Department of Physics, Yonsei University, Seoul, Republic of Korea.
Department of Microbiology, Institute for Immunology and Immunological Diseases, College of Medicine, Yonsei University, Seoul, Republic of Korea.
Commun Biol. 2021 Jan 19;4(1):91. doi: 10.1038/s42003-020-01628-3.
Total internal reflection fluorescence (TIRF) microscopy, which has about 100-nm axial excitation depth, is the method of choice for nanometer-sectioning imaging for decades. Lately, several new imaging techniques, such as variable angle TIRF microscopy, supercritical-angle fluorescence microscopy, and metal-induced energy transfer imaging, have been proposed to enhance the axial resolution of TIRF. However, all of these methods use high numerical aperture (NA) objectives, and measured images inevitably have small field-of-views (FOVs). Small-FOV can be a serious limitation when multiple cells need to be observed. We propose large-FOV nanometer-sectioning microscopy, which breaks the complementary relations between the depth of focus and axial sectioning by using MIET. Large-FOV imaging is achieved with a low-magnification objective, while nanometer-sectioning is realized utilizing metal-induced energy transfer and biexponential fluorescence lifetime analysis. The feasibility of our proposed method was demonstrated by imaging nanometer-scale distances between the basal membrane of human aortic endothelial cells and a substrate.

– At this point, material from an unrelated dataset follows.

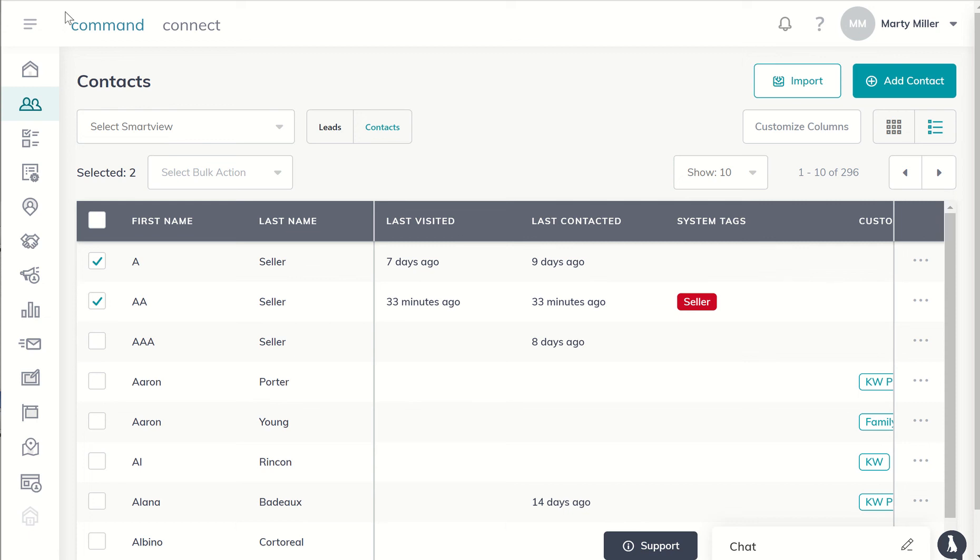Good evening Kelly Williams and welcome to day 51 of the Command 66 Day Challenge. Today I wanted to show you a little bit more about contacts and leads.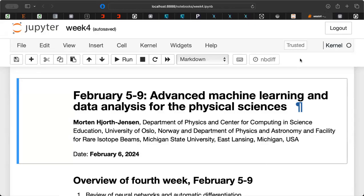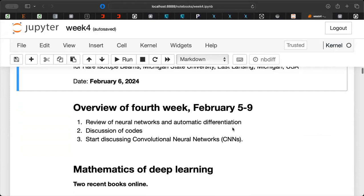Good morning everybody and welcome back to Physics 5429. This week the aim is to wrap up the discussion about neural networks and the basic mathematics, in connection with automatic differentiation, which leads to the famous algorithm we call backpropagation. As we discussed last time and anticipated for today, this is nothing but the reverse mode of automatic differentiation. One of the main reasons we use the reverse mode is that we start with the derivatives at the end — the output value.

全内反射荧光(TIRF)显微镜的轴向激发深度约为 100nm,几十年来一直是纳米切片成像的首选方法。最近,已经提出了几种新的成像技术,例如可变角度全内反射显微镜、超临界角荧光显微镜和金属诱导能量转移成像,以提高 TIRF 的轴向分辨率。然而,所有这些方法都使用高数值孔径(NA)物镜,并且测量的图像不可避免地具有较小的视场(FOV)。当需要观察多个细胞时,小 FOV 可能是一个严重的限制。我们提出了大 FOV 纳米切片显微镜,它通过使用 MIET 打破了聚焦深度和轴向切片之间的互补关系。大 FOV 成像使用低倍率物镜实现,而纳米切片则利用金属诱导能量转移和双指数荧光寿命分析来实现。通过对人主动脉内皮细胞基底膜与基底之间的纳米级距离进行成像,验证了我们提出的方法的可行性。